DETROIT -- Ever since the Detroit Tigers took over first place in the American League East April 23, people have been waiting for their collapse.

After all, this is a club many picked to finish in last place. Those predictions were based on the team's poor pitching the past few seasons (4.60 ERA last year, worst in the majors) and again in spring training.

"One magazine said we were going to be as bad as Colorado and Florida," said manager Sparky Anderson.

But during the first three months this season, the Tigers have made a dramatic turnaround, mostly because their pitching has exceeded anyone's wildest imaginations with a 3.99 ERA.

"Pitching is the key," Anderson said. "If we pitch at all, no one can stop us from being in the hunt."

And no one has yet. The Tigers have a two-game lead on Toronto (eight over the fourth-place Orioles) as they start a three-game series tonight at Camden Yards.

When the Tigers broke camp in Florida on April 2, three of their top starters weren't even in the rotation.

David Wells (9-1, 2.68) was signed April 3 after having been released by the Blue Jays. Mark Leiter (6-3, 3.84) was in the bullpen at that point. And Bill Gullickson (4-3, 4.44) was still on the disabled list after off-season arthroscopic shoulder and knee surgeries.

Wells made his first start in the fifth game. Leiter didn't get a start until April 27. Gullickson returned May 11. After season-opening losses in Oakland of 9-4 and 12-7, many Detroit fans figured this would be the same old, pitching-poor Tigers.

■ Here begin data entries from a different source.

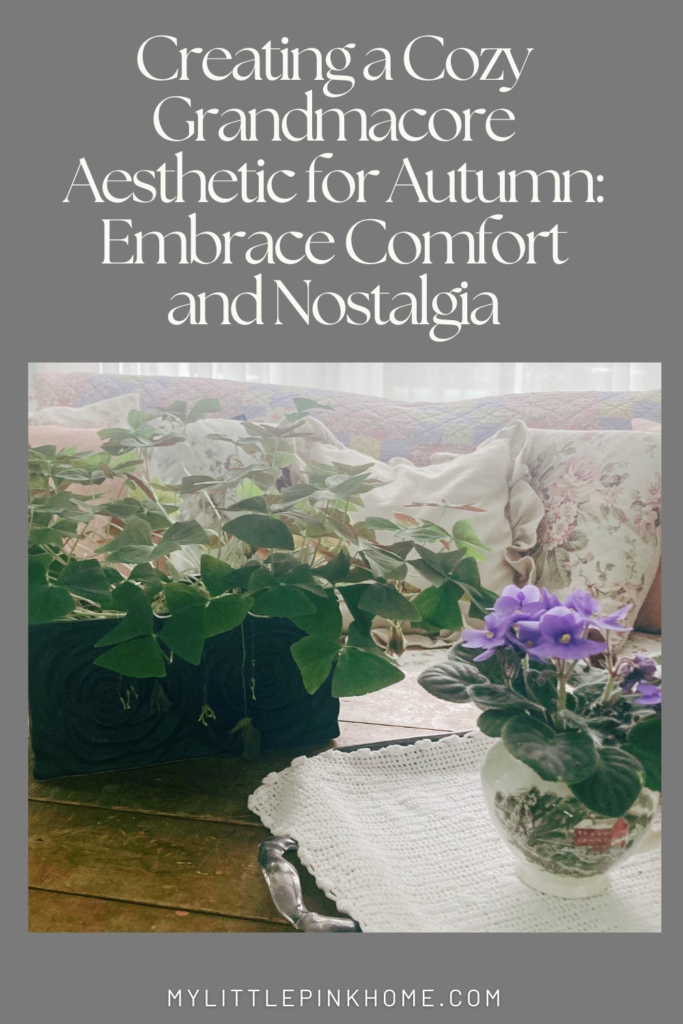 Creating a Cozy Grandmacore Aesthetic for Autumn: Embrace Comfort and Nostalgia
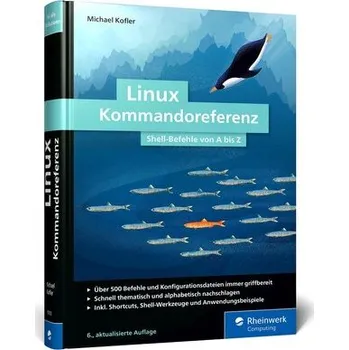 Linux Kommandoreferenz - Michael Kofler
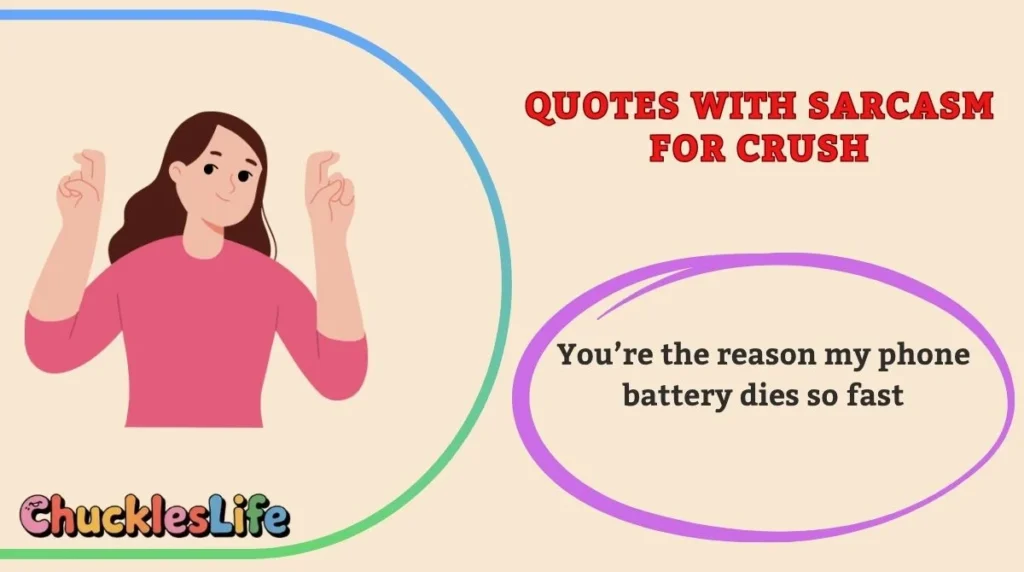 Quotes With Sarcasm for Crush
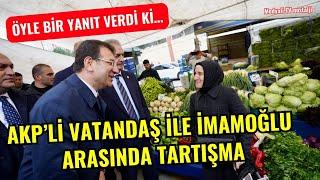 AKP’Lİ VATANDAŞ İLE İMAMOĞLU ARASINDA TARTIŞMA: ÖYLE BİR YANIT VERDİ Kİ…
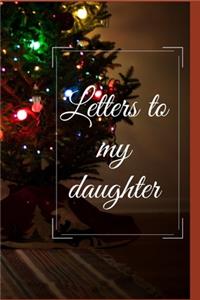 Letters to my daughter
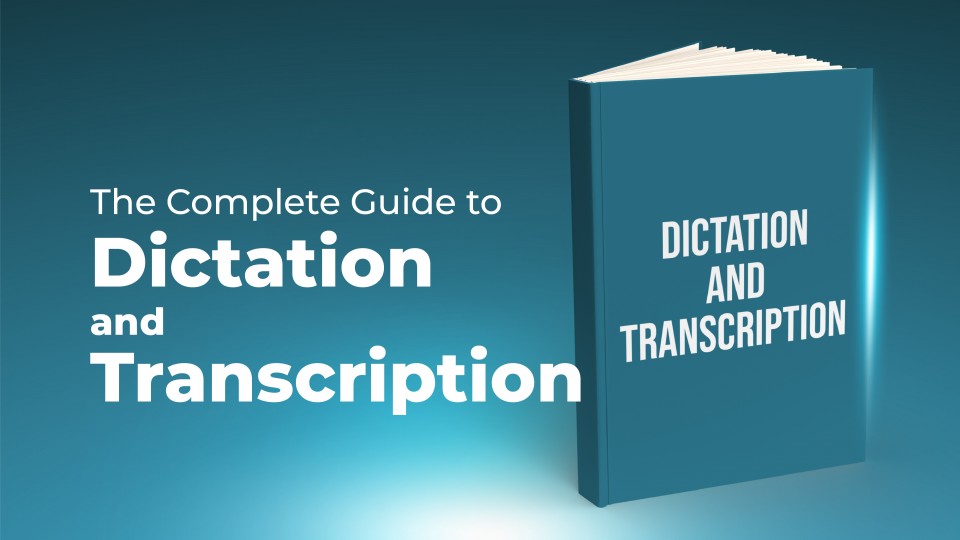 The Complete Guide To Dictation And Transcription For Physicians 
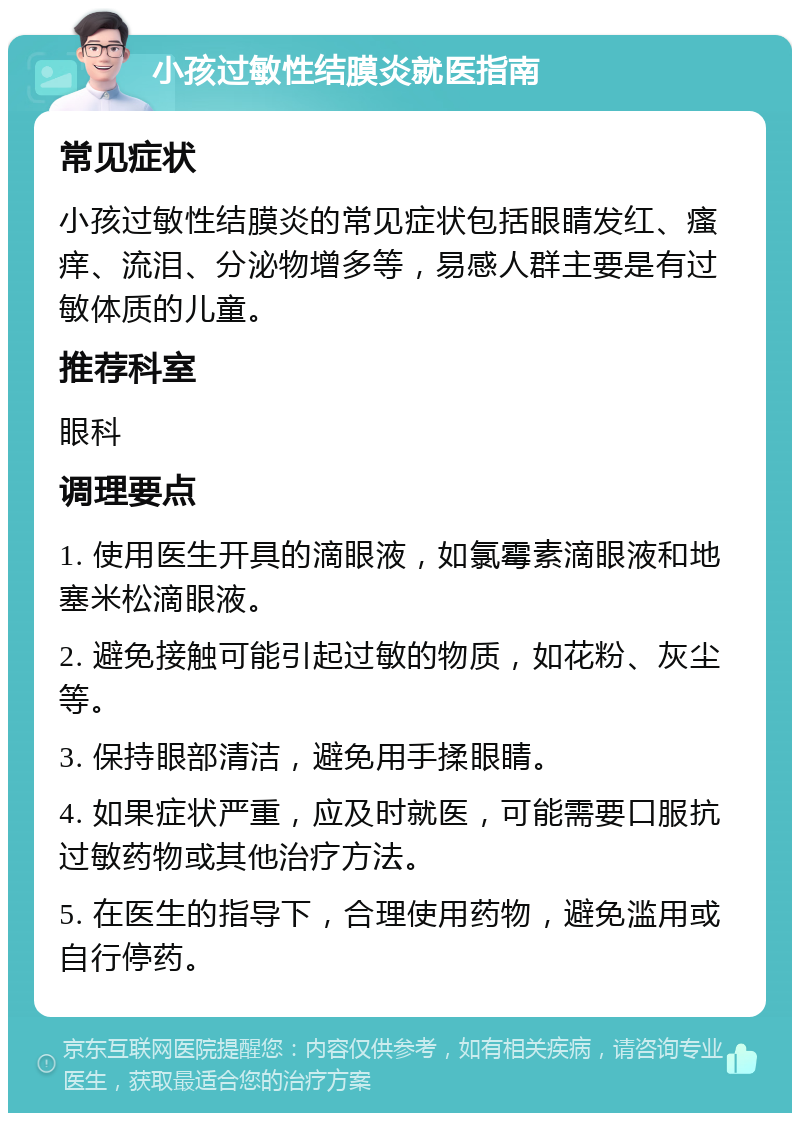 小孩过敏性结膜炎就医指南 常见症状 小孩过敏性结膜炎的常见症状包括眼睛发红、瘙痒、流泪、分泌物增多等，易感人群主要是有过敏体质的儿童。 推荐科室 眼科 调理要点 1. 使用医生开具的滴眼液，如氯霉素滴眼液和地塞米松滴眼液。 2. 避免接触可能引起过敏的物质，如花粉、灰尘等。 3. 保持眼部清洁，避免用手揉眼睛。 4. 如果症状严重，应及时就医，可能需要口服抗过敏药物或其他治疗方法。 5. 在医生的指导下，合理使用药物，避免滥用或自行停药。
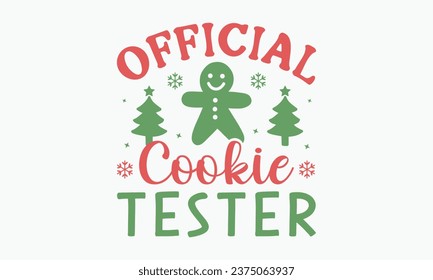 Official cookie tester,Christmas T-shirts, Christmas vector quote design bundle,Holiday quotes, Santa, Cut Files Cricut, Silhouette, happy new year, Vintage Vector graphic typographic design for poste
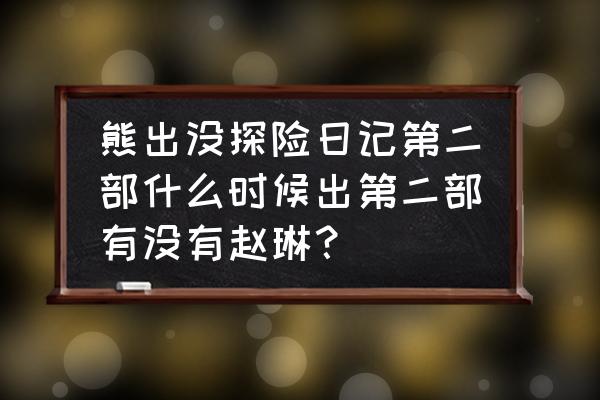 熊出没探险日记二在哪个软件看 熊出没探险日记第二部什么时候出第二部有没有赵琳？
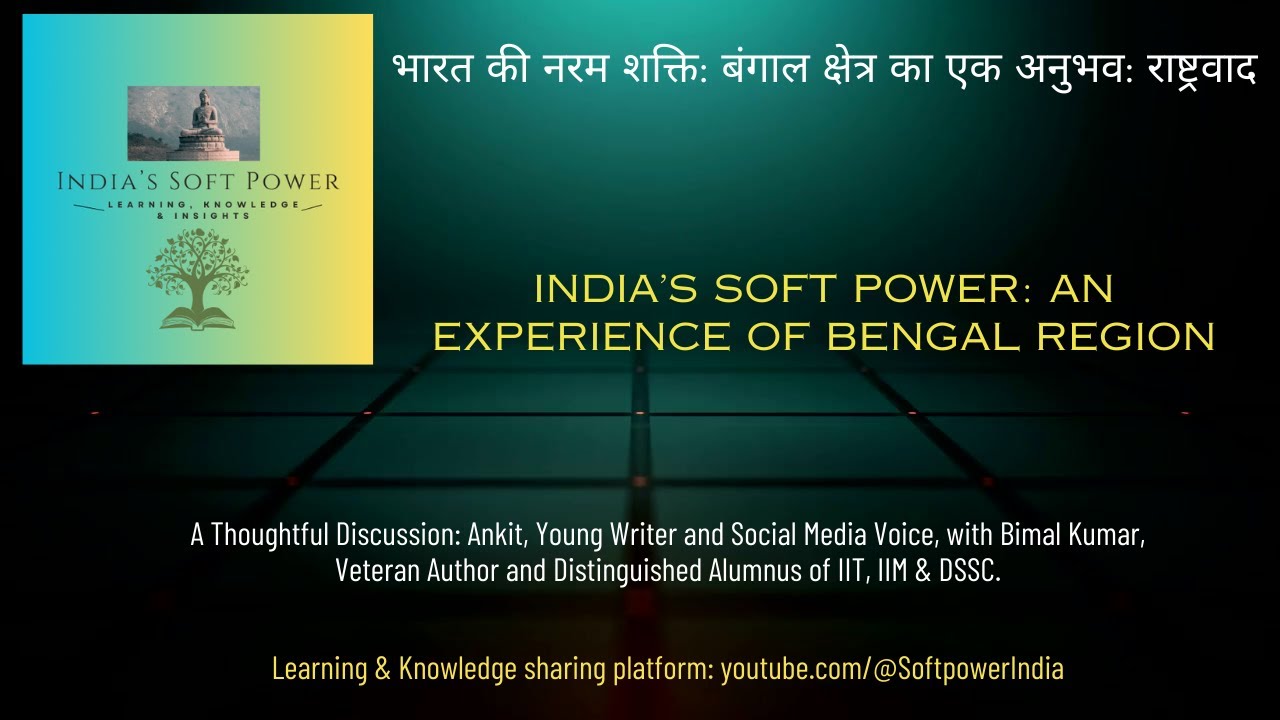 India’s soft power: Deep rooted nationalism: An experience of Bengal region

But John Doherty (7-2, 2.74), 26, came to the rescue. His solid performance gave the Tigers a 3-2 victory over the Athletics in the third game, and made sure they avoided a start like last year's 0-6 fiasco.

That was the beginning of this team's surprising resurgence. A week later, the Tigers won, 20-4, over Oakland in their home opener. It was the first of 11 games in which the Tigers scored in double figures.

Two days later, the Tigers continued to gain confidence by scoring two runs off Oakland closer Dennis Eckersley in the ninth inning for a 3-2 victory. The winning run scored on Chad Kreuter's pinch double.

"That hit gave me a lot of confidence," said Kreuter, who is at .330 with five homers and 20 RBI. "In the past, I had always felt overmatched against guys like that."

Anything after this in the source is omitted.